Rolled up on The Point just as it was cracking light. Sanjuanworm had it nailed down and in the water. He and Curtis from TWs had already caught eleven between them before I got there during the night. It was Sharkey most of the night he said. I think while we were there I took one of the best pictures I've ever taken on an IPhone. Sanjuanworm bowed up on number two. 
View attachment 48186


Days like these, are the days you live for.


----------



## sanjuanworm (Dec 20, 2012)

Thanks for those pics tuna


----------



## DaBig2na (Aug 7, 2011)

sanjuanworm said:


> Thanks for those pics tuna


Absolutely ! Glad to do it .. 

Just so you know, half of the five gallon bucket of sea mullet was caught on the shrimp you gave me before you left.


----------



## DaBig2na (Aug 7, 2011)

.


----------



## don brinson (Apr 8, 2011)

Dam , its hard to watch people catch fish when you are 16 hours away. Glad to see the red headed fella and Mickie were catching if I couldn't . Beautiful pics 2NA.


----------



## Garboman (Jul 22, 2010)

don brinson said:


> Dam , its hard to watch people catch fish when you are 16 hours away. Glad to see the red headed fella and Mickie were catching if I couldn't . Beautiful pics 2NA.


Avon is closed for real yesterday at 4:00 PM. No Shadow openings, for real this time.
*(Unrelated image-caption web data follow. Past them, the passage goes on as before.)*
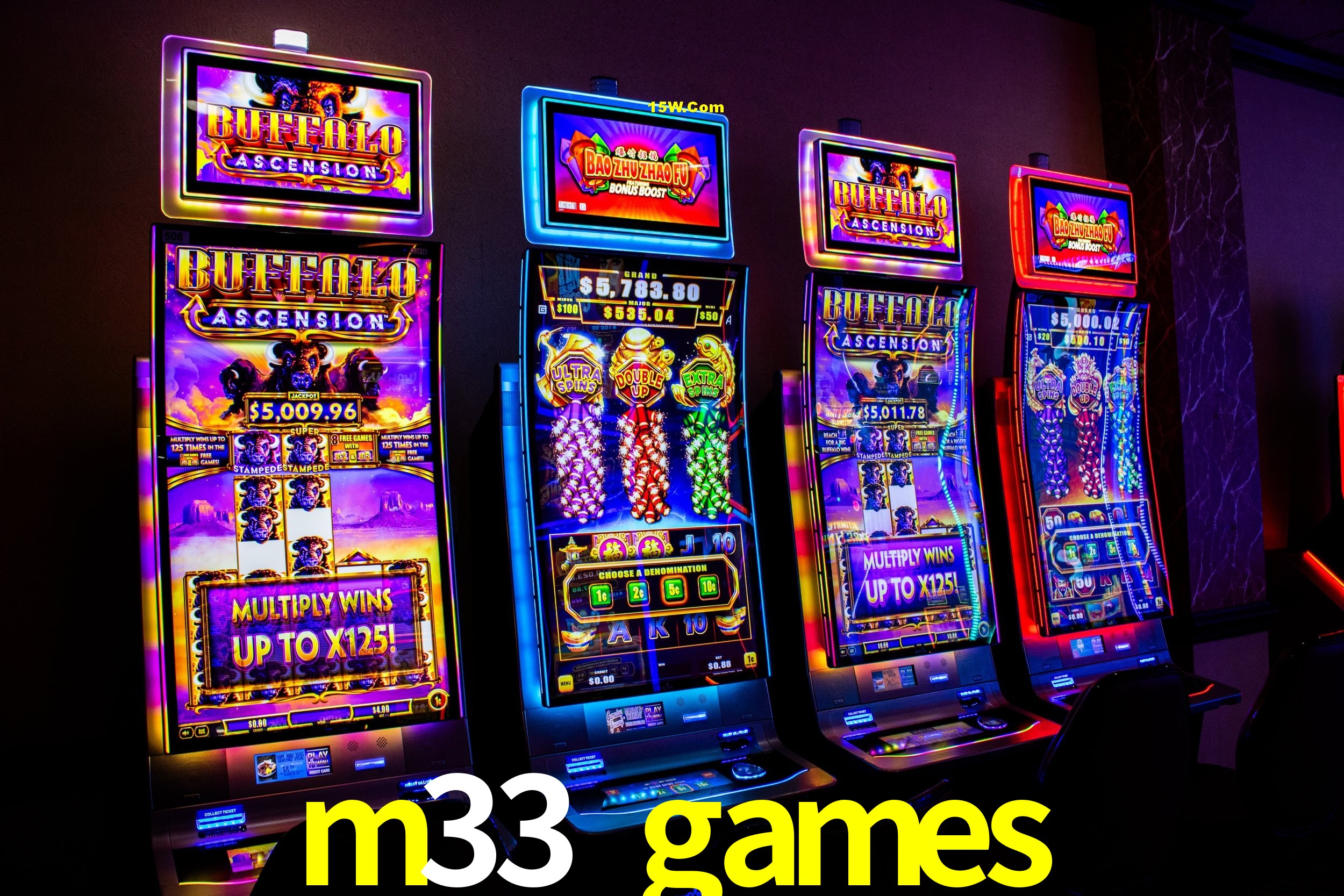 Game Statistics m33 games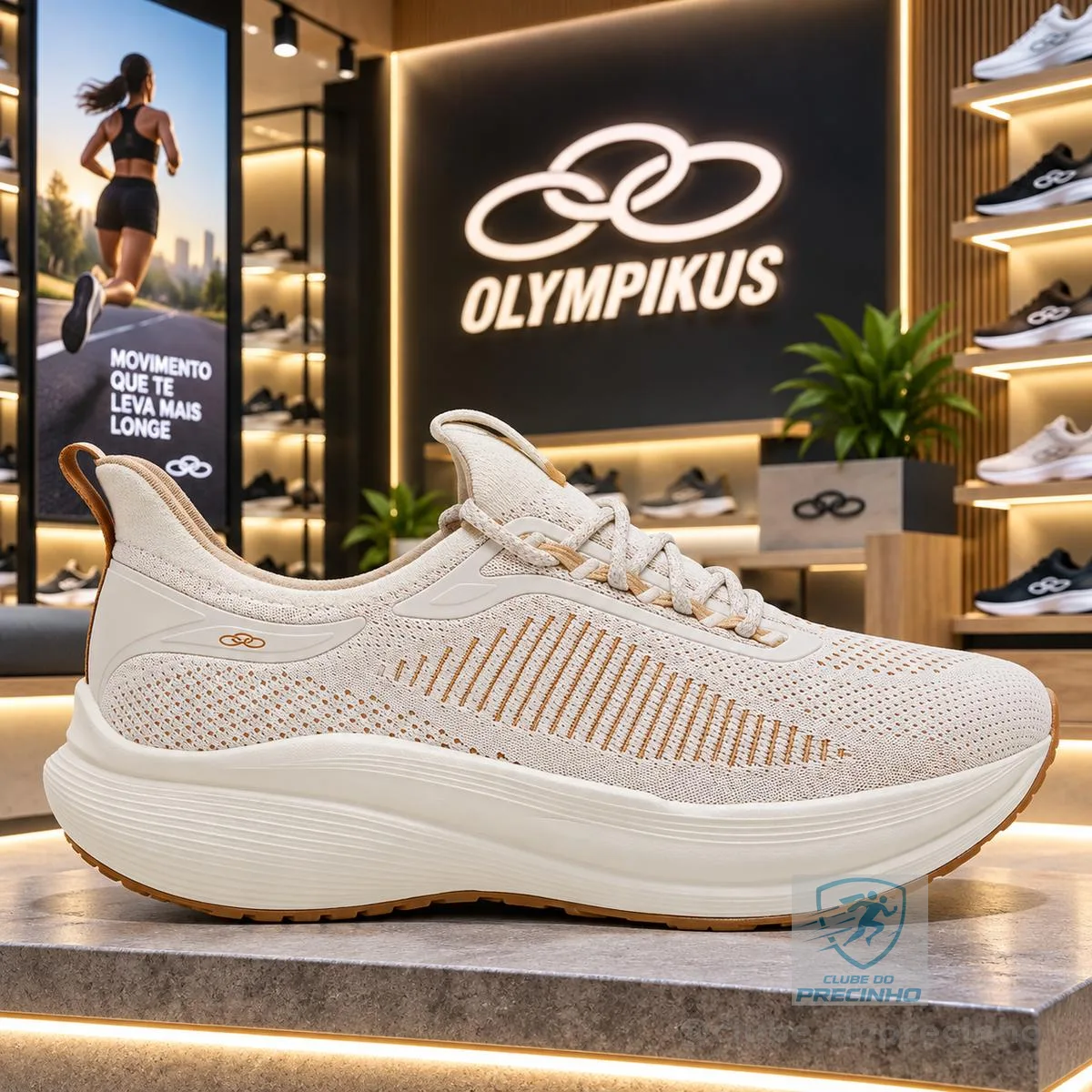 Tênis Olympikus Adrena 2 - 34 ao 40 (5 Cores)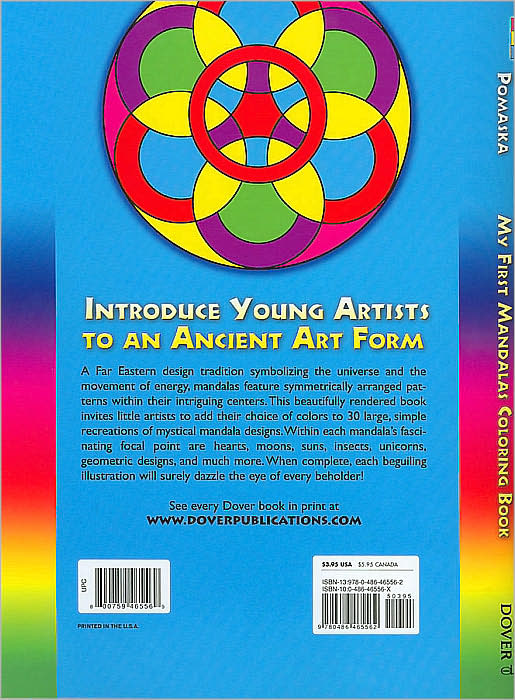 My First Mandalas Coloring Book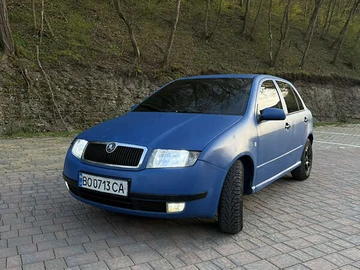 Авто Skoda Fabia 2002 № 8076496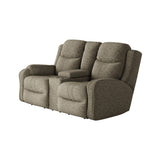 Southern Motion Marvel 881-28 Transitional  Reclining Console Loveseat 881-28 116-09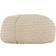 Venture Home Sam Beige Sittpuff 30cm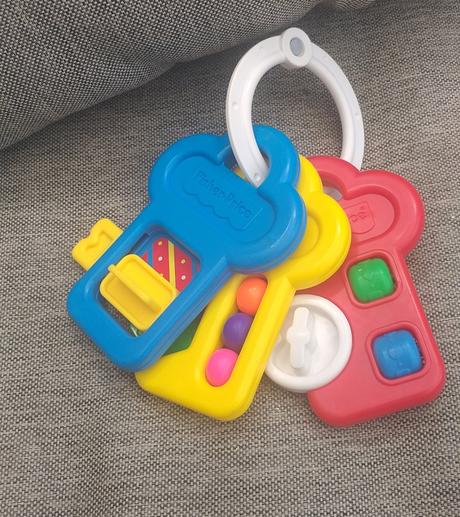 Fisher price kluče, 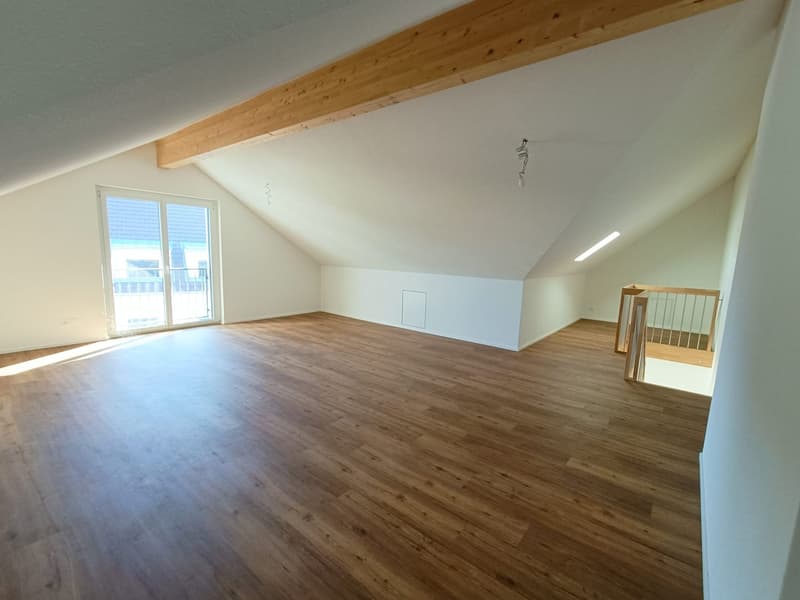 Helle 3-Zimmer-Wohnung mit Balkon und Bergblick in Gerzensee (9)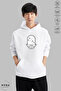 Unisex Hoodie Long Sleeve Taurus Bull Printed Hooded Oversized 100% Cotton Combed Cotton Sweatshirt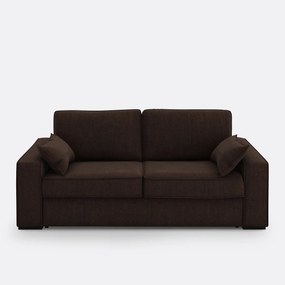 Bank-bed katoen/linnen, latex Cécilia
Sea Mullet bite was off the charts, large sea mullets in the hundred's were caught and exported off the planks, destined for the table.

Right at 80 Citation Drum for the last week which were mostly caught in the morning. Avon closed at 5:00 PM all week so there was no Night Bite opportunity which would have increased the number caught significantly.

If you came after 11:00 AM with a Drum Rod you were greeted with Shark attacks, Those Sharks just would not quit, especially for me.

If you came at opening in the morning and had decent bait and a long cast, you got bowed up.....

Only four Drum on Sunday, Red Head caught the first one, Tom H caught the second, Paul caught the 3rd and some wannabe Drum Pro named Mike who had showed up after 11:00 AM all during the work week caught the final Avon Pier Drum of 2017.


----------



## Guest (Dec 4, 2017)

Sounds like a good end to the pier season!


----------



## don brinson (Apr 8, 2011)

Congrats on the last Drum. Looked like a blast. Saw pic's of 3 in the net and 2 more waiting to be netted. Saw pic of Mickie and Zach and the red headed fella all bowed up at the same time. Family time. I retire next Nov. I hope to catch a few with the family next Nov.


----------



## sand flea (Oct 24, 1999)

Good gawd y'all are cleaning up down there. I'm halfway thinking about coming down Friday, though this approaching cold front will probably grind everything to a halt.


----------